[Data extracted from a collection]
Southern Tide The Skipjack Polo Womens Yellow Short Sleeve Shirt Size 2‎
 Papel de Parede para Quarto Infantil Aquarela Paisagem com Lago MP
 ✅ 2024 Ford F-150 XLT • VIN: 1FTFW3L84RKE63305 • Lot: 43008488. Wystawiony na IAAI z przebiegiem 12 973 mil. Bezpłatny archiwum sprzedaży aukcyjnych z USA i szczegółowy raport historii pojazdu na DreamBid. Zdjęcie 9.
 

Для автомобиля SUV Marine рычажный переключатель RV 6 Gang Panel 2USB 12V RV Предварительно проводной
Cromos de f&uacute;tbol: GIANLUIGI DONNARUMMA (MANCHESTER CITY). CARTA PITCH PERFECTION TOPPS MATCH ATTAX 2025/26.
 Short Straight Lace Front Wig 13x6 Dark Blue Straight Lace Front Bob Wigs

## Task instructions
All of the entries are to be transcribed exactly.

## Answer section
Southern Tide The Skipjack Polo Womens Yellow Short Sleeve Shirt Size 2‎
 Papel de Parede para Quarto Infantil Aquarela Paisagem com Lago MP
 ✅ 2024 Ford F-150 XLT • VIN: 1FTFW3L84RKE63305 • Lot: 43008488. Wystawiony na IAAI z przebiegiem 12 973 mil. Bezpłatny archiwum sprzedaży aukcyjnych z USA i szczegółowy raport historii pojazdu na DreamBid. Zdjęcie 9.
 

Для автомобиля SUV Marine рычажный переключатель RV 6 Gang Panel 2USB 12V RV Предварительно проводной
Cromos de f&uacute;tbol: GIANLUIGI DONNARUMMA (MANCHESTER CITY). CARTA PITCH PERFECTION TOPPS MATCH ATTAX 2025/26.
 Short Straight Lace Front Wig 13x6 Dark Blue Straight Lace Front Bob Wigs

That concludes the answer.